Segment Start: TASK INPUT

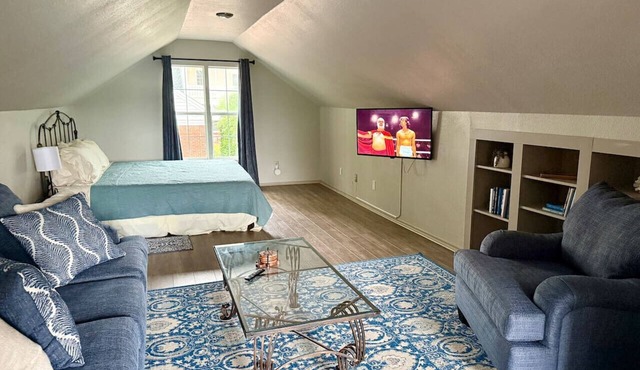 Blue Casita - So close to I-35W!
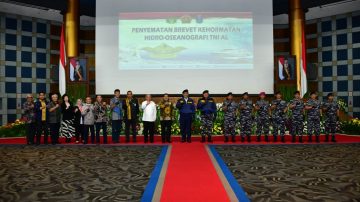 Kasal Sematkan Brevet Kehormatan Hidro-Oseanografi TNI AL Kepada Menkomarves RI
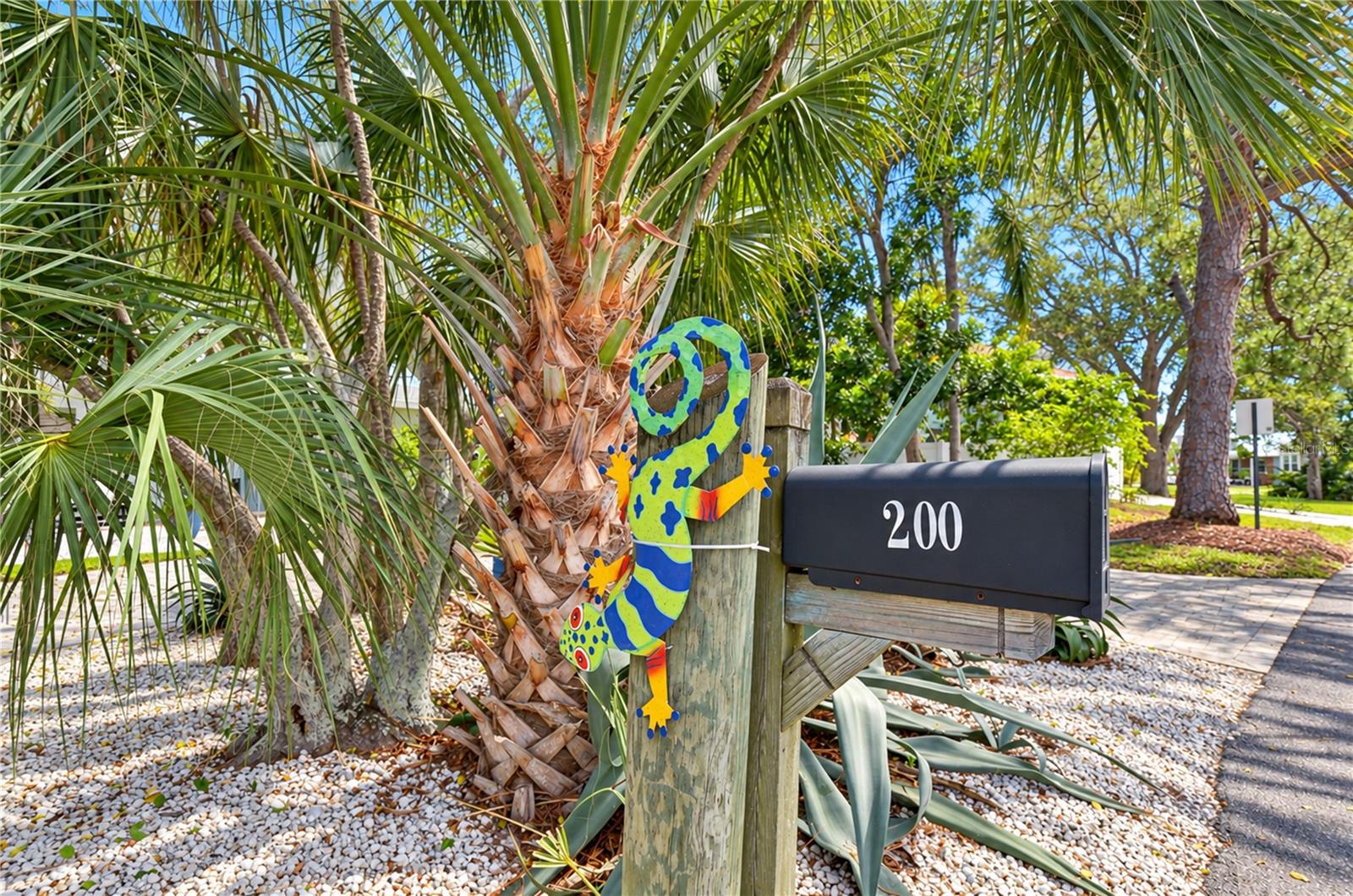 200 LAGOON DR — photo 69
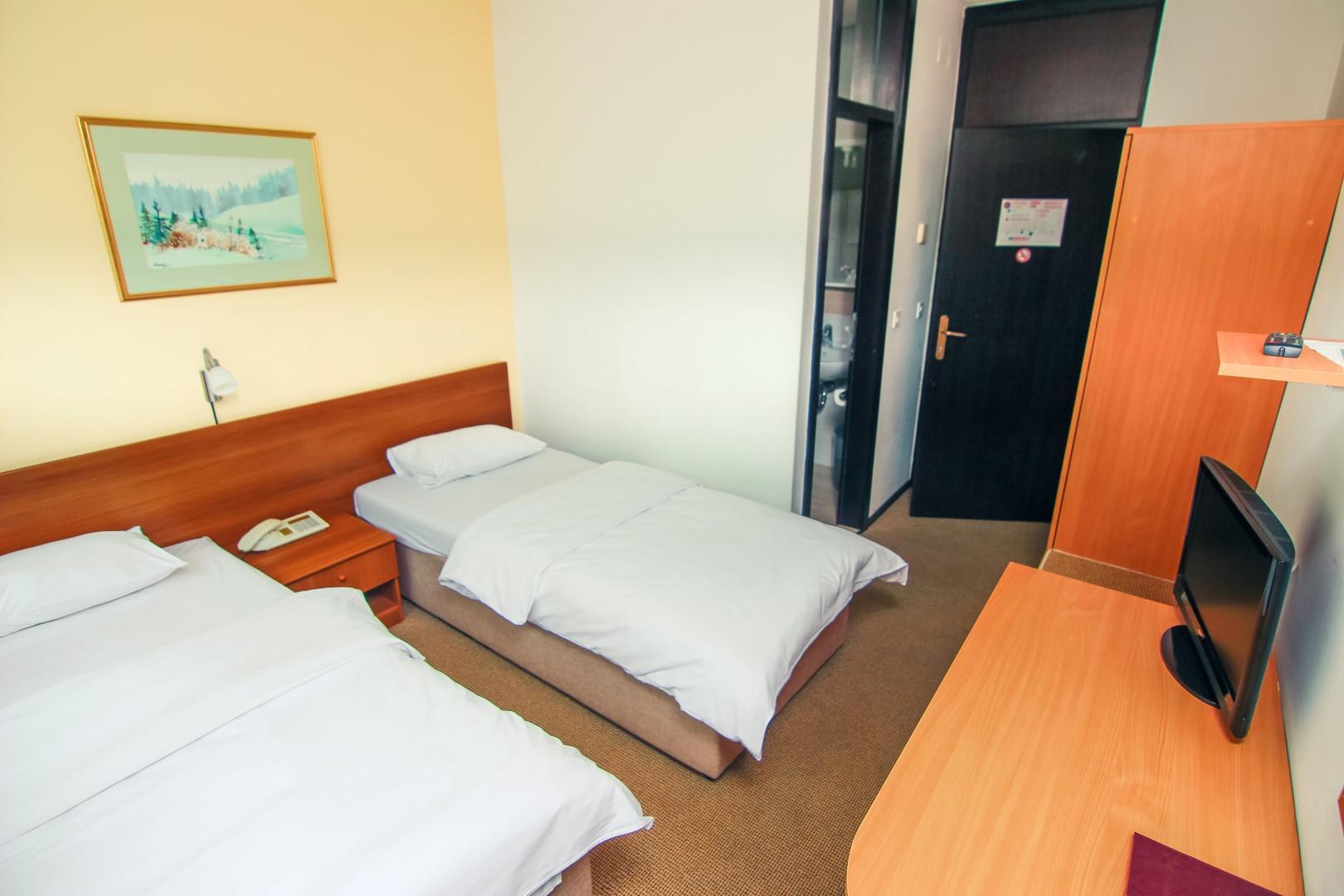 Hotel Grand ซาราเยโว ภายนอก รูปภาพ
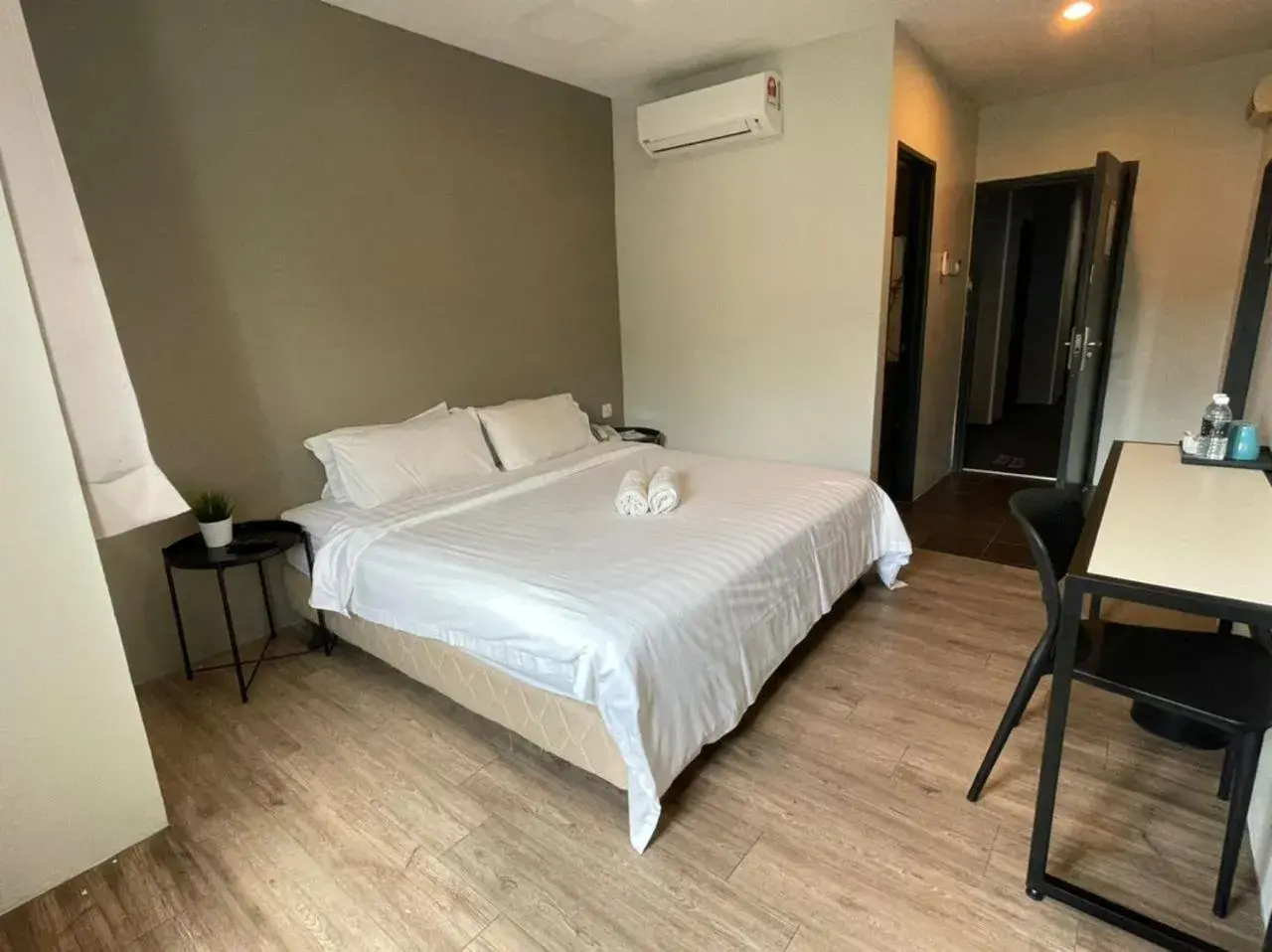 Bed in Chariton Hotel Butterworth Bed in Chariton Hotel Butterworth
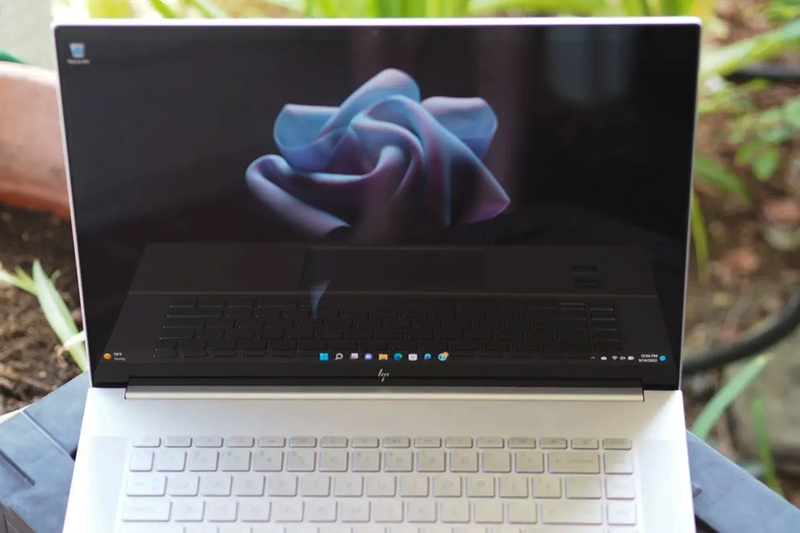 So sánh laptop HP Envy và HP Victus - 10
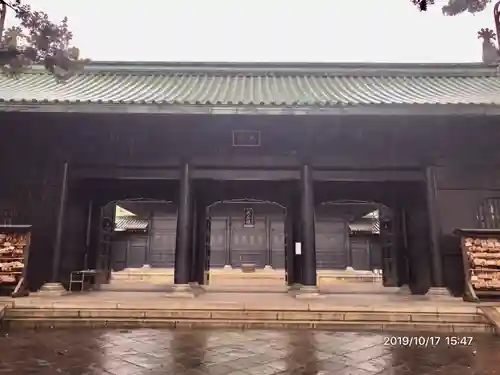 湯島聖堂の山門・神門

Segment End: TASK INPUT

TASK INSTRUCTIONS >> Could you write out exactly the lines running from the one with "Bed in Chariton Hotel Butterworth Bed" through the last line of the data above, both ends kept, and omit any picture?

ANSWER SECTION >>
 Bed in Chariton Hotel Butterworth Bed in Chariton Hotel Butterworth
 So sánh laptop HP Envy và HP Victus - 10
 湯島聖堂の山門・神門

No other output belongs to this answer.